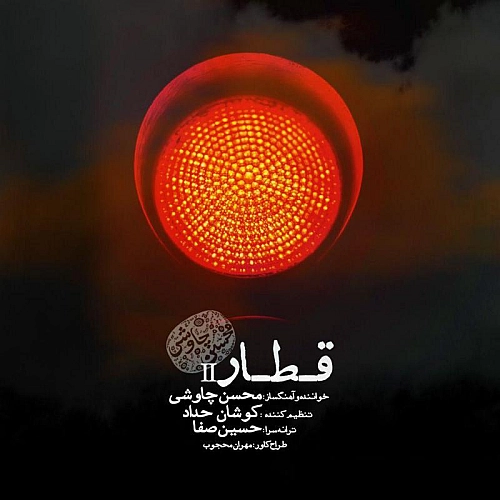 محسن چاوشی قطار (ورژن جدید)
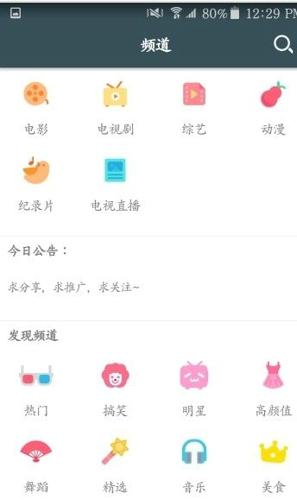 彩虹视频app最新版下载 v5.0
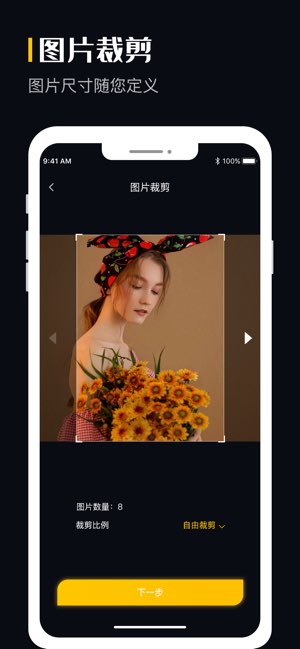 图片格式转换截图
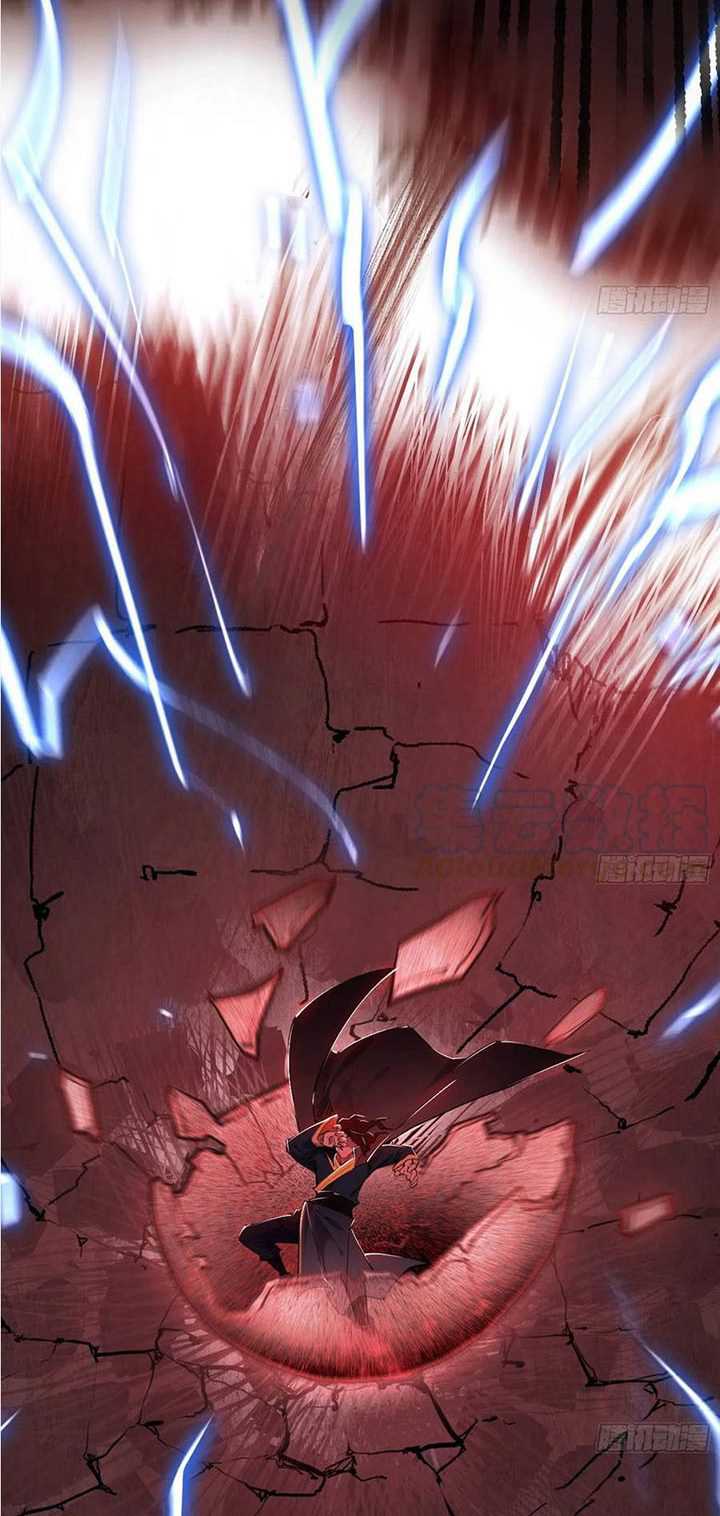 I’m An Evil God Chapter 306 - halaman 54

WHAT IS BEING ASKED>
Word for word, restate the material above; do not carry over the pictures.

YOUR SOLUTION>
 محسن چاوشی قطار (ورژن جدید)
 彩虹视频app最新版下载 v5.0
 图片格式转换截图
 I’m An Evil God Chapter 306 - halaman 54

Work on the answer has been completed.